Pseudo-code:

text
function compress(chars):
    string res = ""
    i = 0
    while i < length(chars):
        char c = chars[i]
        count = 0
        while i < length(chars) and chars[i] == c:
            count++
            i++
        res += c
        if count > 1:
            res += string(count)
    
    for j from 0 to length(res):
        chars[j] = res[j]
    return length(res)

Why this fails: While this solution is logically correct and runs in linear time $O(N)$, it has a Space Complexity of $O(N)$ because it creates a separate string/list proportional to the size of the input. The problem explicitly constraints the solution to use O(1) constant extra space. Therefore, a brute force approach that allocates new storage for the compressed string is suboptimal and may be rejected in an interview setting.

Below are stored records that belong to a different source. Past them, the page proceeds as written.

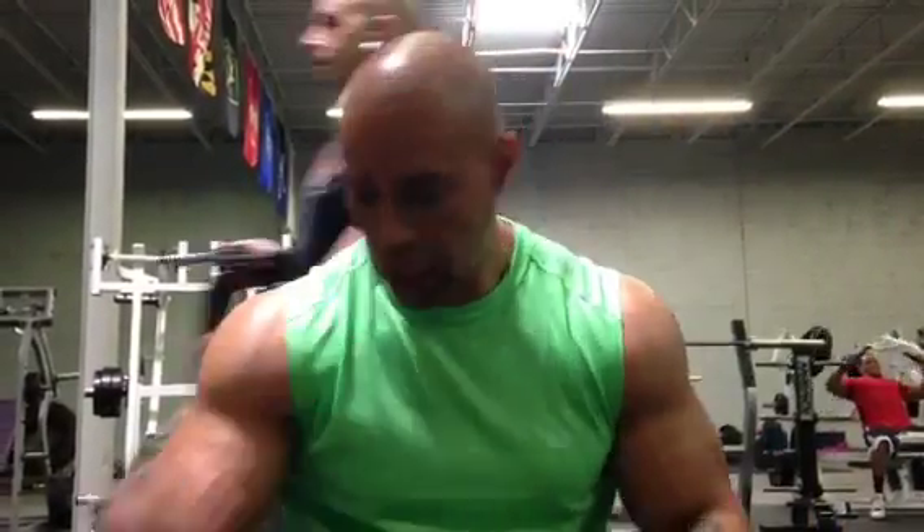Welcome to the TLR. Today baby, doing a little bit of shoulders, doing a little bit of arms and follow along. Check it out.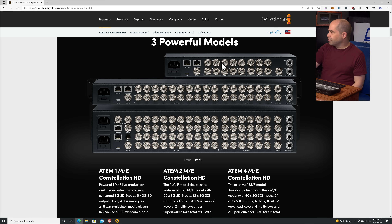Looking at the 1ME model: it's got 10 SDI inputs, and then it has six general-purpose SDI outputs. If you've used Blackmagic switchers in the past, this might be a little new to you — they've done away with dedicated program/preview outputs on these Constellation models. They're just six general-purpose outputs and you can send whatever video signal you want to those. There is also a dedicated multi-view output, which is a little different than what you may be used to from the ATEM Mini series.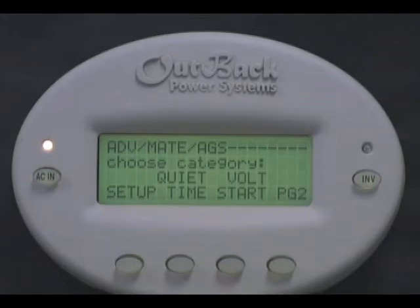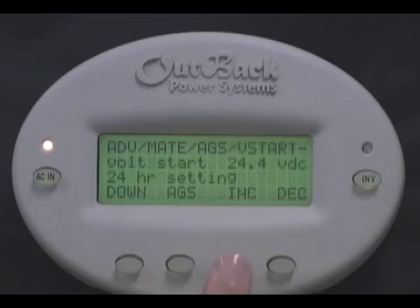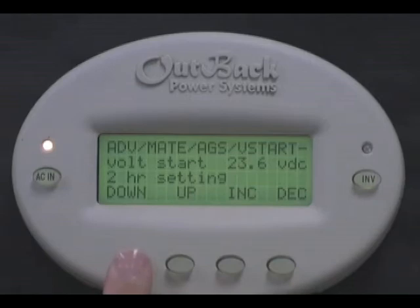Now we can set when we want the generator to turn on due to low battery voltage. Select Volt Start. The Volt Start 24-hour setting is the voltage your batteries need to be at or less than for a full 24 hours before your generator will turn on. Press increase or decrease to change the setting. Press down.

Core Insight for String Compression

The core insight for solving LeetCode 443 efficiently lies in the realization that the compressed version of any character group is always shorter than or equal in length to the original group (with the exception of single characters, which remain length 1).

Because the compressed data is generated sequentially and is generally shorter than the source data, we can safely overwrite the beginning of the array with the compressed result while we are still reading the rest of the array.

The algorithm relies on maintaining a strict invariant:

1. Read Pointer (i): Scans the array to determine the extent of the current group of identical characters.
2. Write Pointer (write_index): Marks the position where the next piece of compressed data (character or digit) should be stored.

Visual Description: Imagine the array as a tape. The read head moves forward rapidly, counting how many times a character repeats. Once the read head hits a different character, the write head (which is lagging behind) records the character and the count. The write head then advances. Because we process groups from left to right, the write head will never overtake the read head, preventing data corruption.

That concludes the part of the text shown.